EXERCISE DETAILS>
What you copy should be the lines from the one with "Lucky Brand patent Cream Loafers 8.5" through the end of the entries, word for word. Omit the pictures.

[Brief descriptive captions]
"""

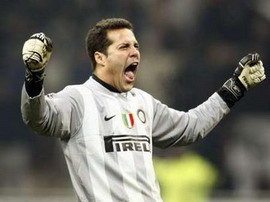 Жулио Сезар, news.yahoo.com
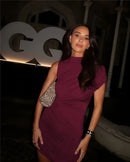 Vestido Curto Assimétrico Com Calda Frontal Vinho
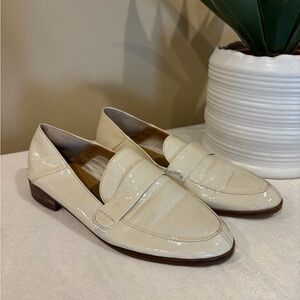 Lucky Brand patent Cream Loafers 8.5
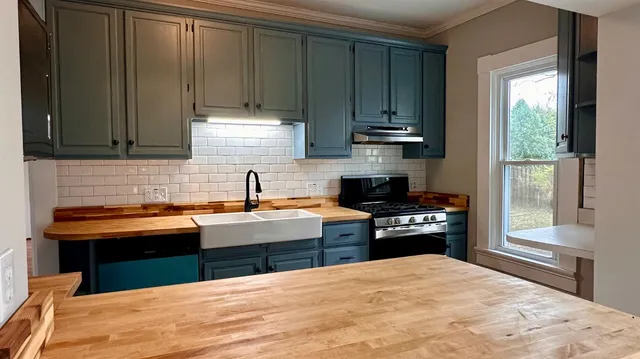 $329,900 | 1037 Cliff Street, Brookville, IN 47012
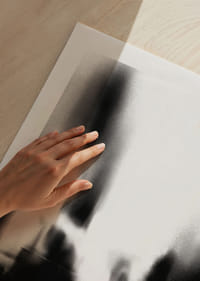 Una figura difusa se mueve a través del misterio de la niebla.-5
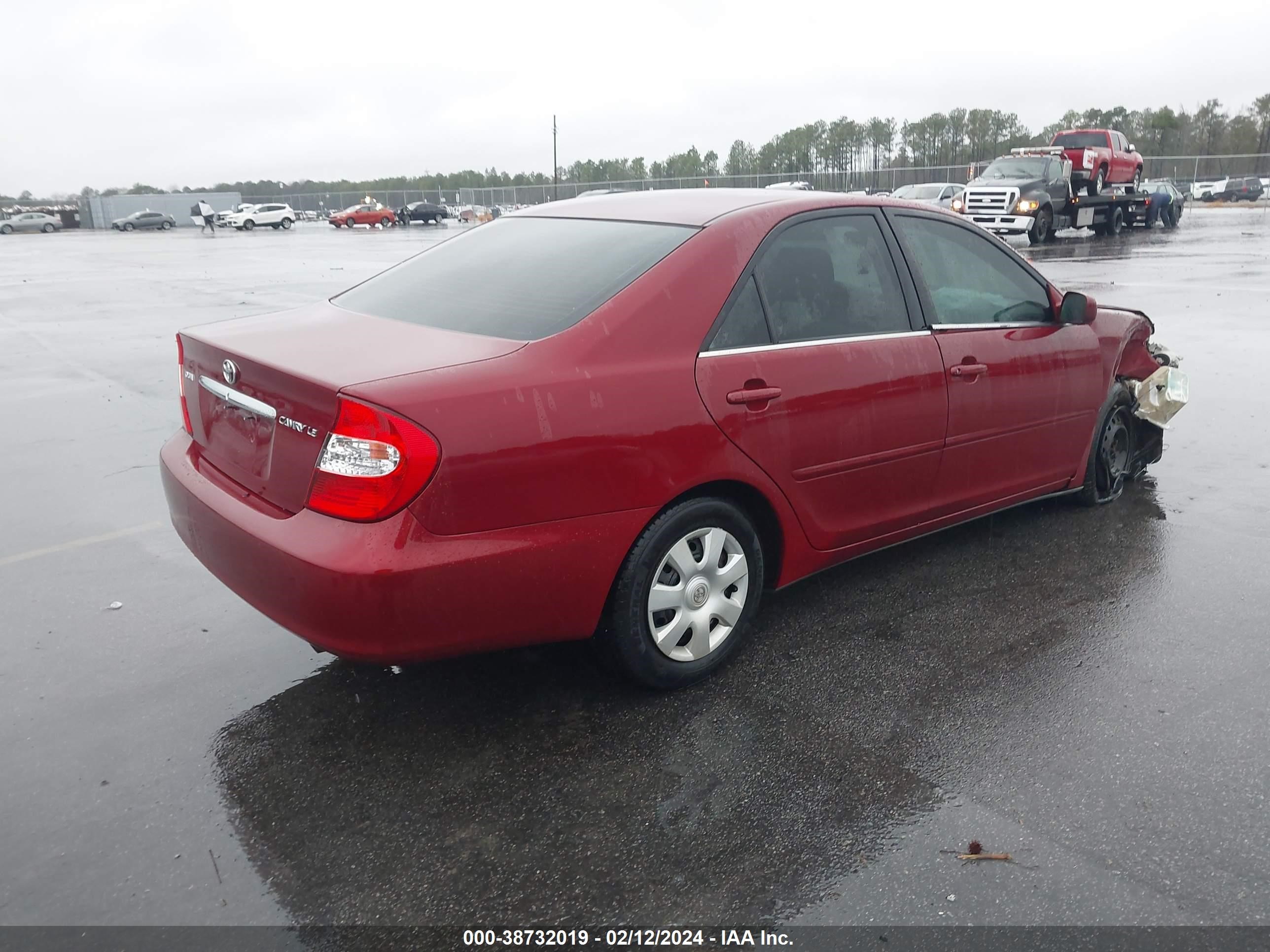 Photo 3 VIN: 4T1BE32K034158146 - TOYOTA CAMRY 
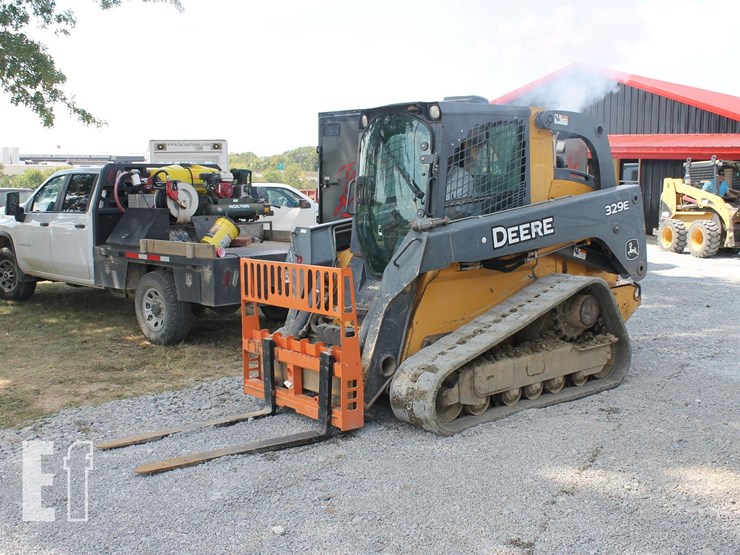 deere-329e-image-2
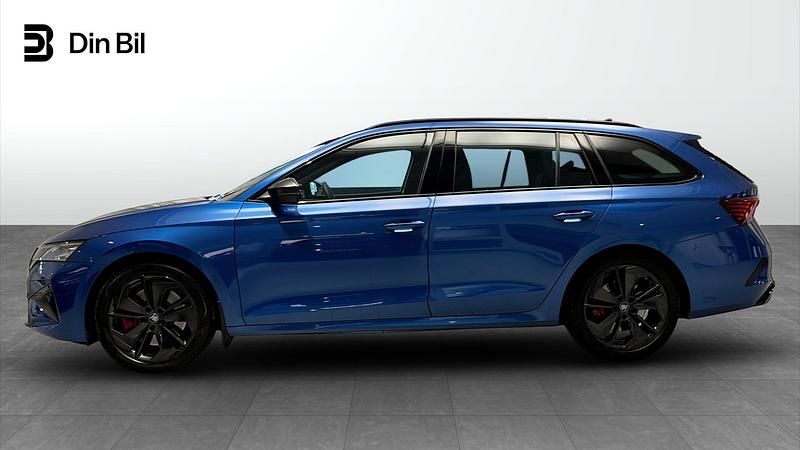 Begagnad Skoda Octavia RS 265 HK (194 kW) 2025 Blå Kombi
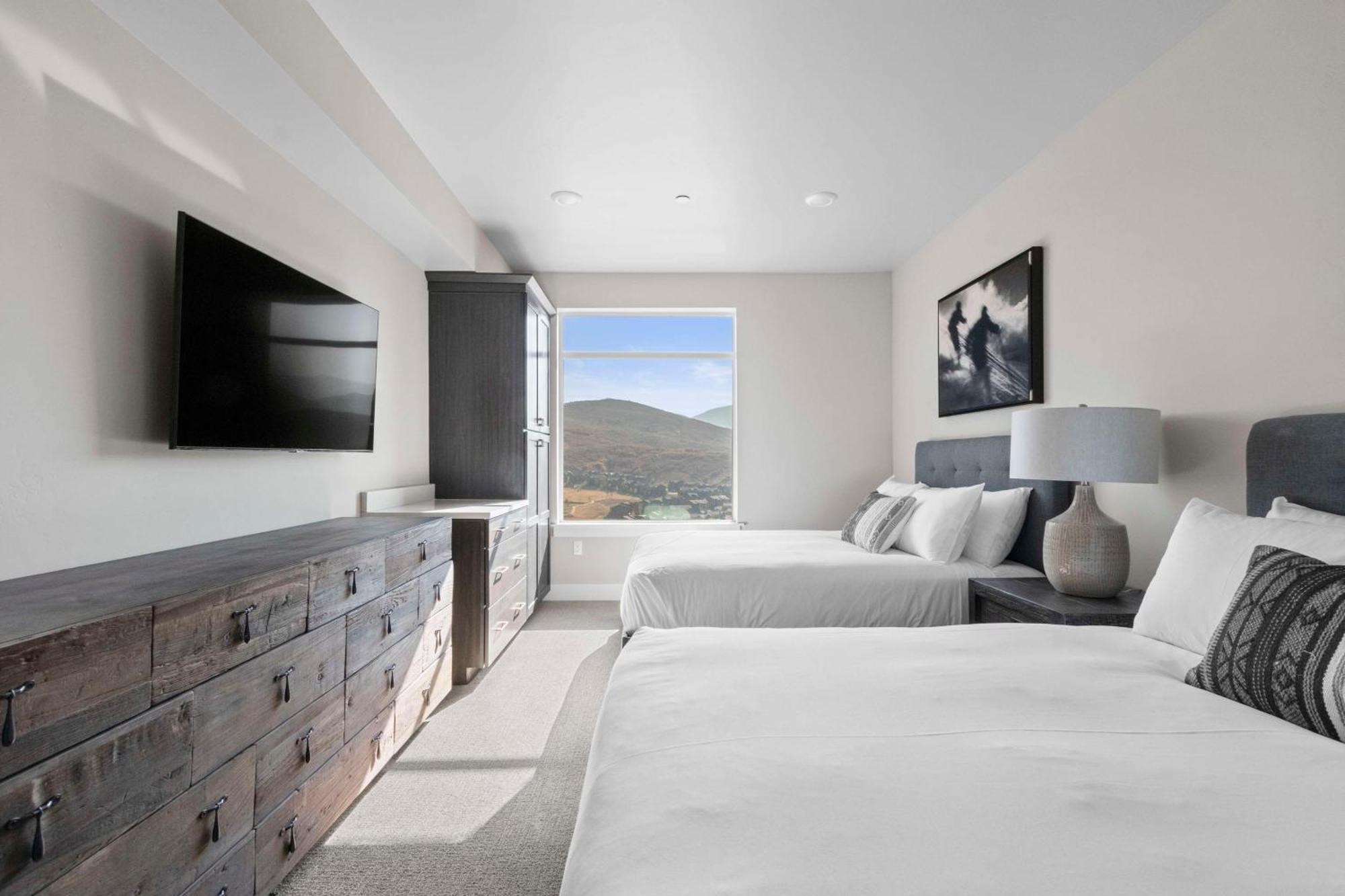 Two-Bedroom Mountain View Suite - 2 Queens, 1 King, Sofa Sleeper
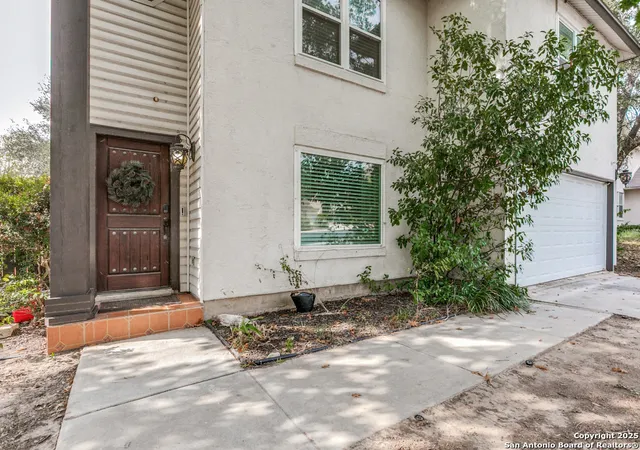 Photo 2 of Sale Pending at 2047 Ellison, San Antonio, TX 78245 | MLS# 1947752 | Listing updated on 2026-03-30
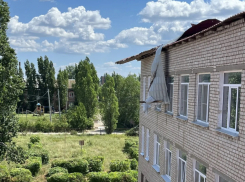 В Камышинском районе устраняются последствия урагана, сорвавшего крышу в школе города Петров Вал и наделавшего других неприятностей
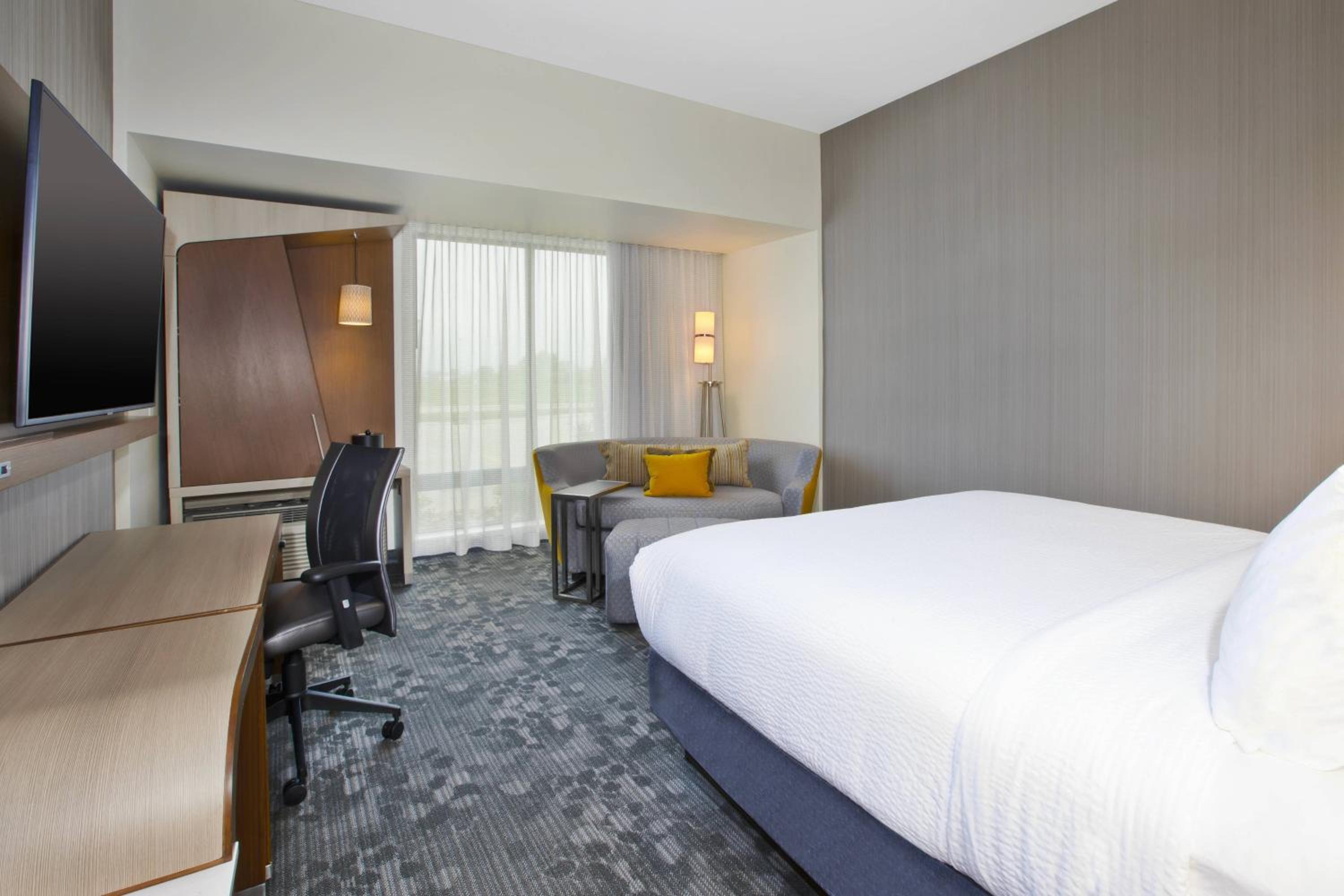 Queen Suite with Sofa Bed and Roll-in Shower - Mobility and Accessible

"""

TASK RESPONSE>
 Lucky Brand patent Cream Loafers 8.5
 $329,900 | 1037 Cliff Street, Brookville, IN 47012
 Una figura difusa se mueve a través del misterio de la niebla.-5
 Photo 3 VIN: 4T1BE32K034158146 - TOYOTA CAMRY 
 deere-329e-image-2
 Begagnad Skoda Octavia RS 265 HK (194 kW) 2025 Blå Kombi
 Two-Bedroom Mountain View Suite - 2 Queens, 1 King, Sofa Sleeper
 Photo 2 of Sale Pending at 2047 Ellison, San Antonio, TX 78245 | MLS# 1947752 | Listing updated on 2026-03-30
 В Камышинском районе устраняются последствия урагана, сорвавшего крышу в школе города Петров Вал и наделавшего других неприятностей
 Queen Suite with Sofa Bed and Roll-in Shower - Mobility and Accessible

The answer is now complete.